This interview was originally published in Islamic Finance Today March 2008

Silent Culprit of Our Decline

An edited version of the following article was first published in Resurgence Magazine, Issue No. 248, May/June 2008.

Tarek El Diwany, April 2008
If a money lender from the time of Christ had loaned an ounce of gold at 5% annual compound interest, it would today require an amount of bullion weighing several planet Earths in repayment. Early bankers knew the profound implications of this fact: a system in which commodity money is loaned out at interest is physically unsustainable in the long term.

With paper money things are different. When the exponents begin their inevitable work, the issuer of such money can simply print a larger face value on his banknotes. In acquiring the legal privilege to create money in this way, the early banks side-stepped a critical failsafe in the financial processes that drive economic activity, though the consequences were slow to emerge.

Other problems with interest could not be resolved so easily. In the real world things experience compound decrement, which is to say they rot and become useless. Meanwhile, interest allows money to grow at compound increment towards infinity. Herein lies the fundamental conflict between interest-based finance and the environment. Money loaned at interest does not obey the same laws as the physical assets that money buys.

Hence Michael Lipton's example of a hypothetical plantation farmer who faces a choice of land use. He can farm his trees on a sustainable basis and produce 1000 units in profit annually for ever. Or he can move to intensive farming and produce 1250 units of profit annually for twenty years, after which his land turns to desert. With interest rates of more than 9% per annum, a standard discounted cash flow analysis recommends that the farmer chooses the intensive option. Unfortunately, this 'killing of the golden goose' is not confined to theory. The world's top deforesting nations are among its most indebted partly because saving trees is less of a priority than servicing international debt.

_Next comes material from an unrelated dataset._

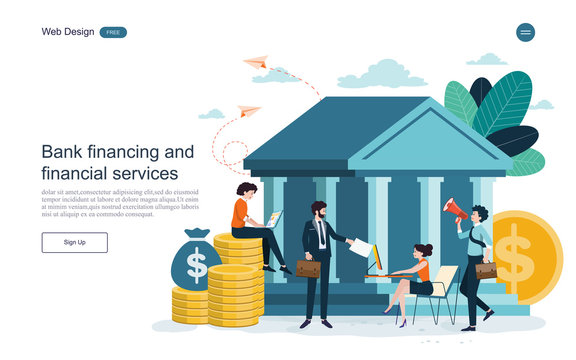 Banking concept.Bank buildings,bank financing, financial services, money exchange, saving money. Vector illustration.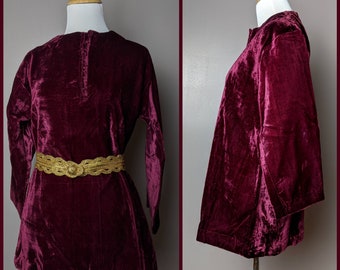 Vintage 60s 70s Dead Stock Burgandy Wine Velvet Indian Tunic Blouse Top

Lord Hanson once said that his job was to "appropriate tomorrow's value today" and although such business logic may be familiar to an MBA student, future generations are unlikely to thank us for it. The great monuments of the world were built because their progenitors took precisely the opposite attitude. They cared more about creating value for the future than the present. But when infrastructure is financed with loans at interest, caring about the future becomes a rather expensive habit. One reason that we find it so difficult to build the likes of St. Paul's Cathedral nowadays, or even the London Underground, is that we have forgotten how to fund projects without resorting to bank loans.

Unfortunately, a powerful commercial logic called financial leverage is preventing change in these matters. The business model of most modern corporations is to borrow money at a rate of interest that is below the rate of return earned when investing that money. For example, by borrowing £100 at 5% and investing it in a one year project that yields 20%, the executive manager can earn £15 for his firm. And the banker will earn £5 of interest on his newly created money. It is a rather cosy symbiosis, but its logical consequence is that firms will grow increasingly large over time. Instead of borrowing £100 in order to make £15 of profit, why not borrow £100 million and make £15 million of profit instead?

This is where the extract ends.